(Pictures with short captions)
======

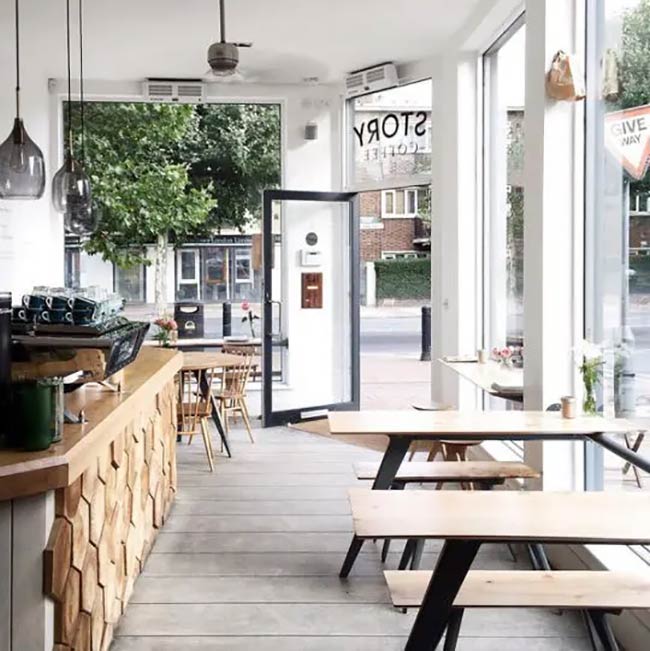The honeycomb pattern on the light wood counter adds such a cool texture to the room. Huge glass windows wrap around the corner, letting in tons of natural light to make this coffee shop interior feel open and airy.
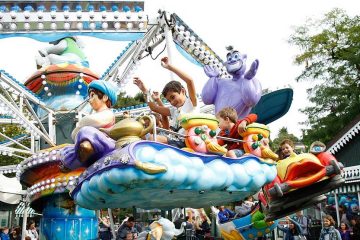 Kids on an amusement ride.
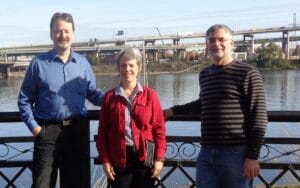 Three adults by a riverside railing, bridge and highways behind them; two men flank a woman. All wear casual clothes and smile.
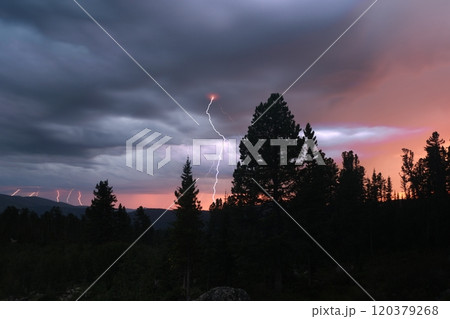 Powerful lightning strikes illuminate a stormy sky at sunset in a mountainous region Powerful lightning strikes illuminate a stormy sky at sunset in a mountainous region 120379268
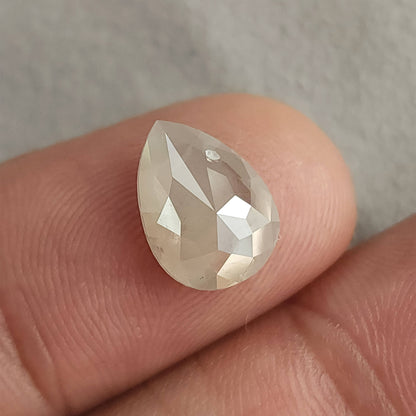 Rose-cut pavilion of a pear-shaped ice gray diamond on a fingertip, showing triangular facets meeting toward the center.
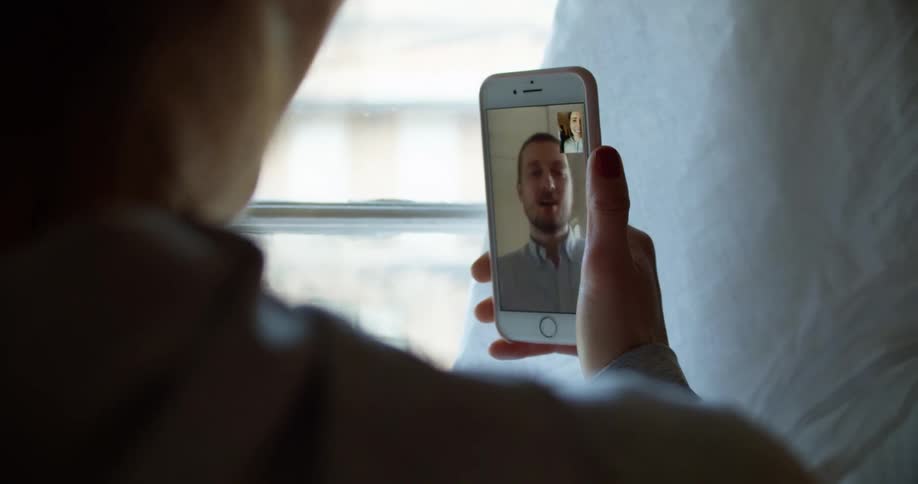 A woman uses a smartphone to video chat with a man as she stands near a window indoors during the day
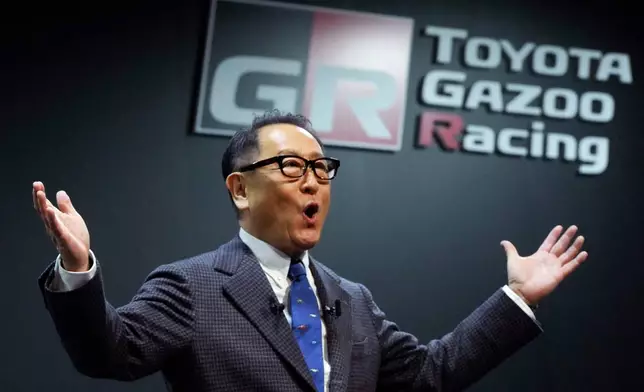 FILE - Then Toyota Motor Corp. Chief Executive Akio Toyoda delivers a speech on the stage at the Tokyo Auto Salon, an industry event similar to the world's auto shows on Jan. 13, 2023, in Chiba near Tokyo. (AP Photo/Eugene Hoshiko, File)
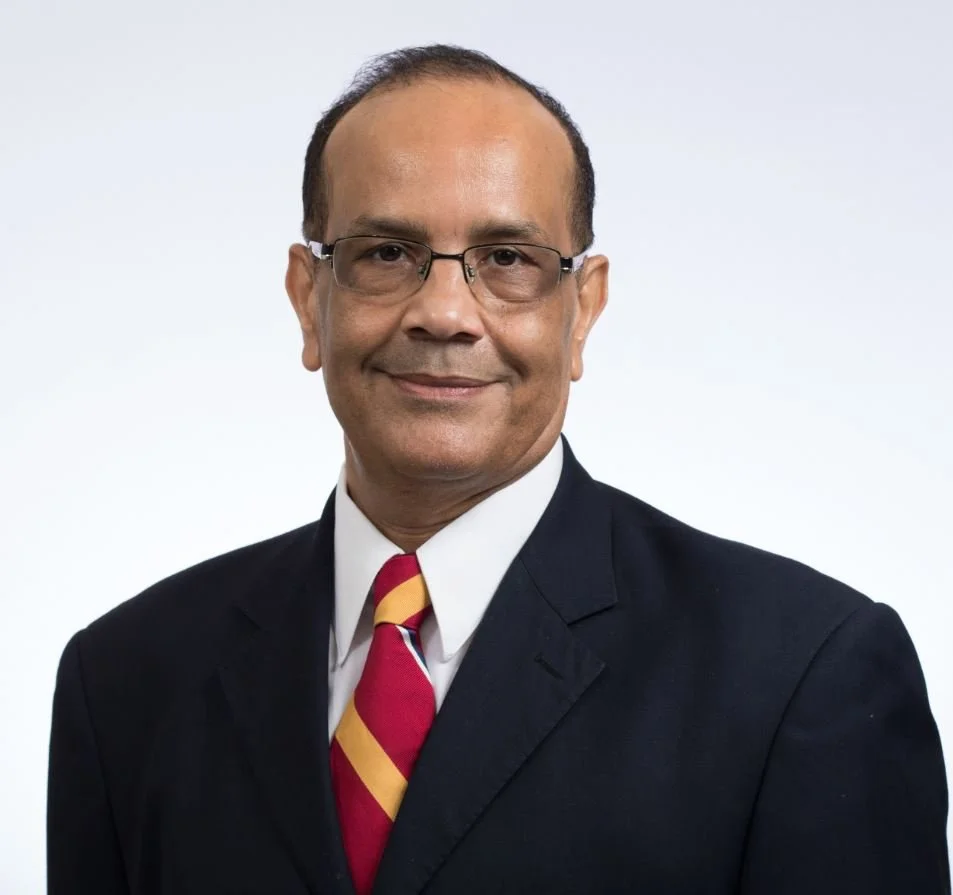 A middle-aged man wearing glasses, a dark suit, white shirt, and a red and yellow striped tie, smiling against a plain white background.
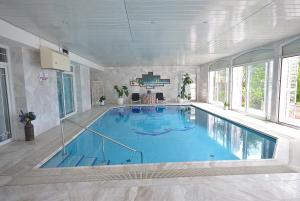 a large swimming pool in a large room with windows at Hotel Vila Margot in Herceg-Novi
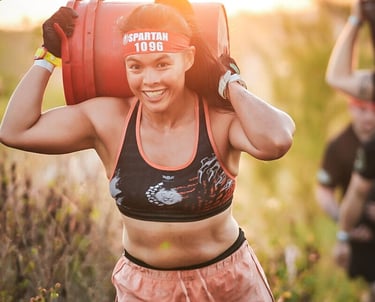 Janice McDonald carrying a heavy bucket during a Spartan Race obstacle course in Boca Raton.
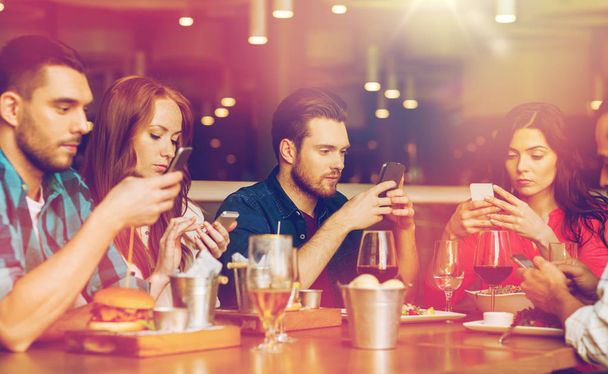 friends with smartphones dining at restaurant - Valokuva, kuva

======

_Work item_: In the data above, please extract the lines from the first one through the line with "Kids on an amusement ride.", exactly, and keep pictures out.

_Task result_:
The honeycomb pattern on the light wood counter adds such a cool texture to the room. Huge glass windows wrap around the corner, letting in tons of natural light to make this coffee shop interior feel open and airy.
 Kids on an amusement ride.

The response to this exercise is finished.